|Liang, Chengzhi -|
|Mao, Long -|
|Stein, Lincoln -|
Submitted to: Genome Research
Publication Type: Peer Reviewed Journal
Publication Acceptance Date: September 3, 2009
Publication Date: October 19, 2009
Citation: Liang, C., Mao, L., Ware, D., Stein, L. 2009. Evidence-based gene predictions in plant genomes. Genome Research. 10(2):1912-1923. Interpretive Summary: Sequence of a genome is the starting point or blueprint to that describes the “parts” including the genes of an organism. In this work we present recent work on improvements for computationally generating protein-coding gene structures by using information that comes from expressed genes and proteins from the same species as well as closely related organisms. This method builds upon existing open source software, and allows research to combine evidence from different organisms to build gene structures in another. In this paper we present results of the performance of the software comparing to the existing annotations in arabidopsis and rice, as well as the preliminary analysis on a small region in maize.

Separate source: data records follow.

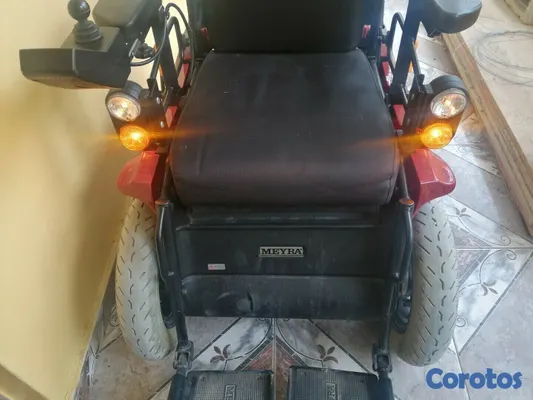 Salud y Equipamiento Médico - Silla Electrica traída desde Alemania. 4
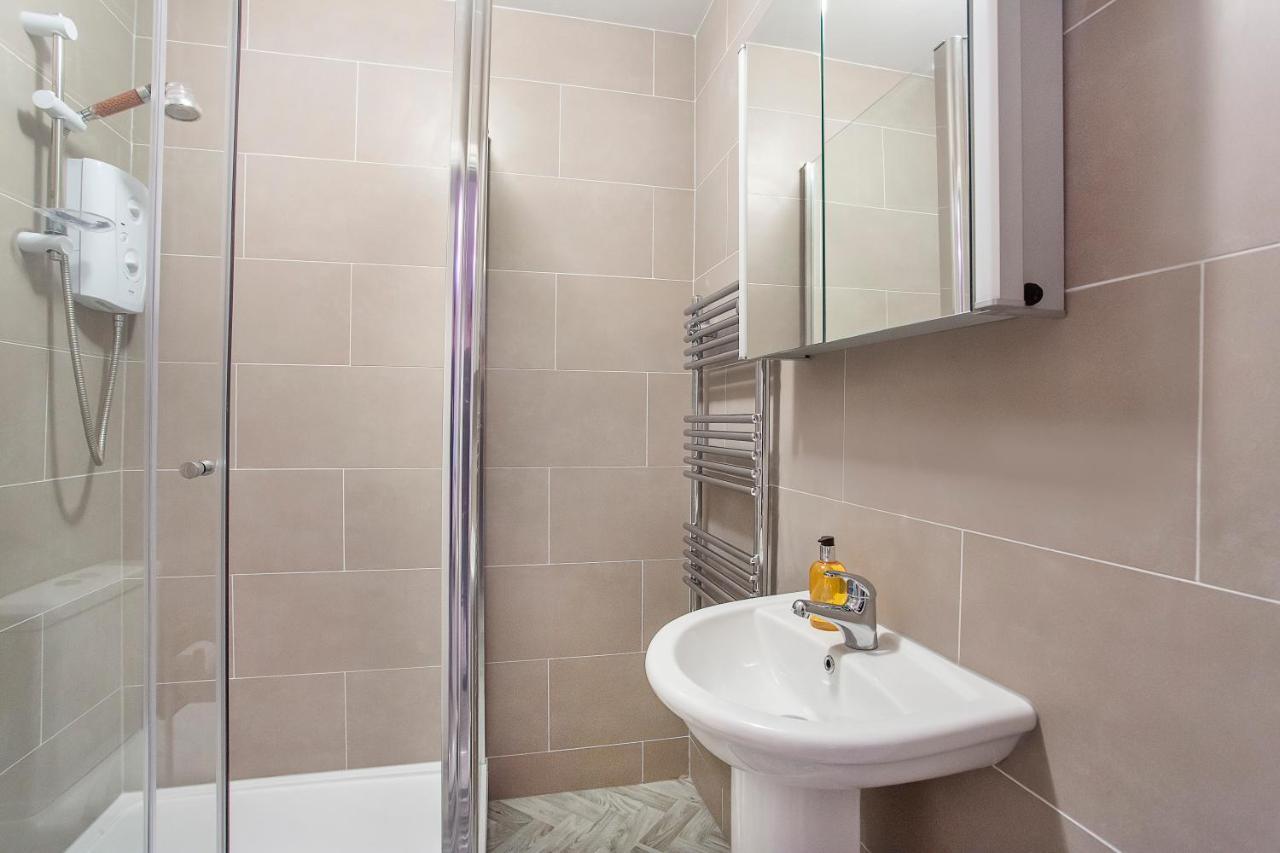 Courtyard Apartment Йорк Экстерьер фото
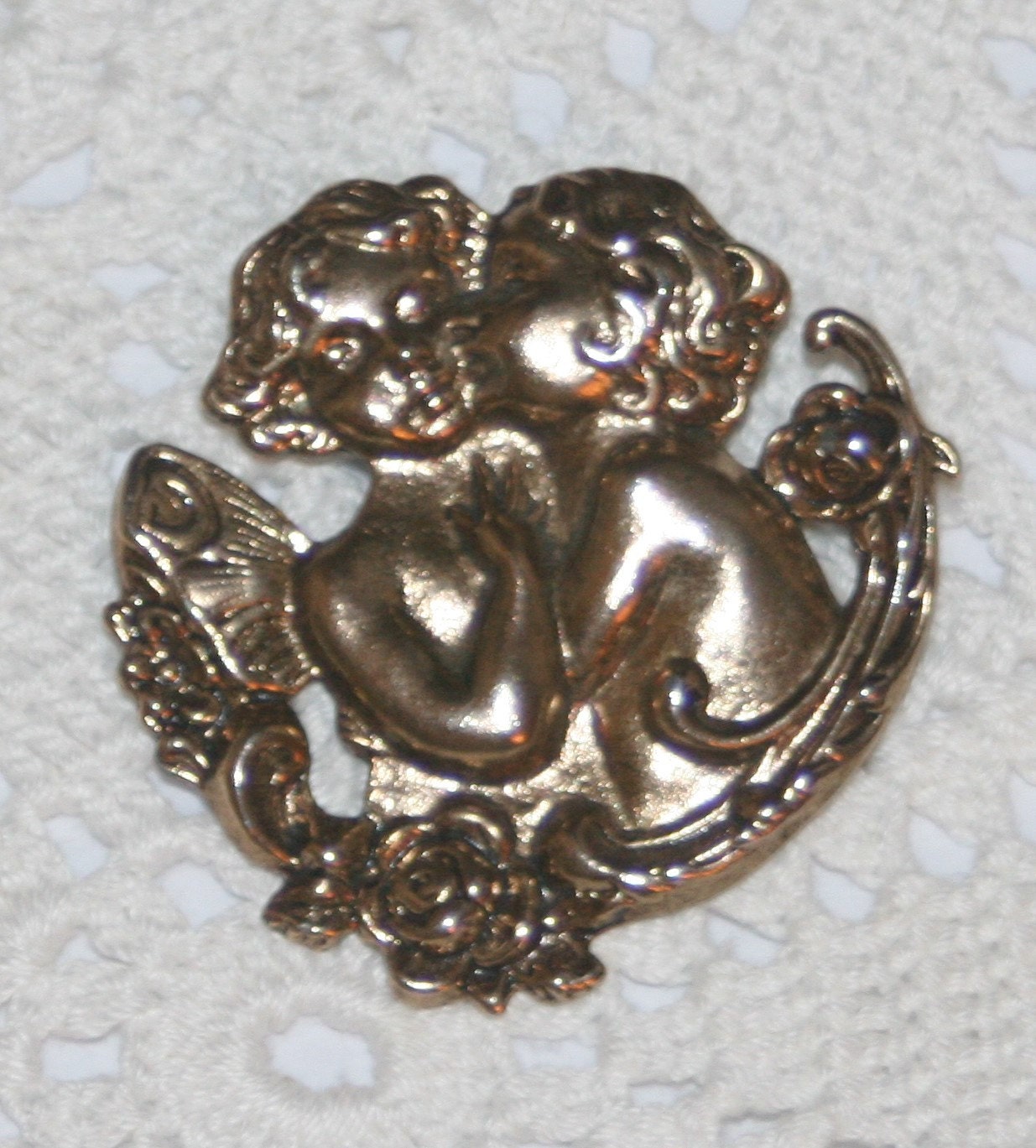 Auffällig Geformte Vintage Bronzetone Küssen Putten Engel Jugendstil Inspirierte Rose Akzentuierte Brosche Auffällig Geformte Vintage Bronzetone Küssen Putten Engel Jugendstil Inspirierte Rose Akzentuierte Brosche von Inthepalmofhishand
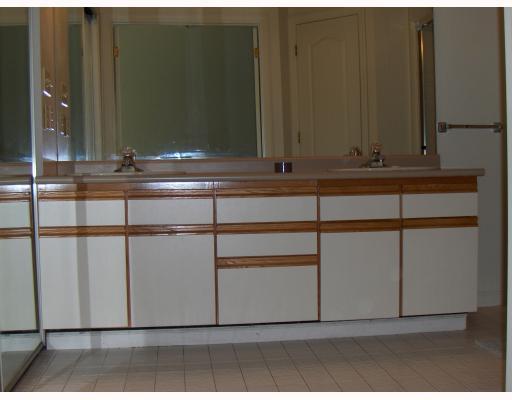 89 Unity Square Greensburg, PA 15601 - Photo 11 of 13 Master Bath/Spa.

Technical Abstract: Automated evidence-based gene building is a rapid and cost-effective way to provide reliable gene annotations on newly sequenced genomes. One of the limitations of evidence-based gene builders, however, is their requirement for gene expression evidence—known proteins, full-length cDNAs, or expressed sequence tags (ESTs)—in the species of interest. This limitation is of particular concern for plant genomes, where the rate of genome sequencing is greatly outpacing the rate of EST- and cDNA-sequencing projects. To overcome this limitation, we have developed an evidence-based gene build system (the Gramene pipeline) that can use gene expression evidence across related species. Using the previously annotated plant genomes, the dicot Arabidopsis thaliana and the monocot Oryza sativa, we show that the cross-species ESTs from within monocot or dicot class are a valuable source of evidence for gene predictions. We compare the Gramene pipeline to several widely used gene prediction programs in rice; this comparison shows the pipeline performs favorably at both the gene and exon levels with cross-species gene products only. We discuss the results of testing the pipeline on a 22-Mb region of the newly sequenced maize genome and discuss potential application of the pipeline to other genomes.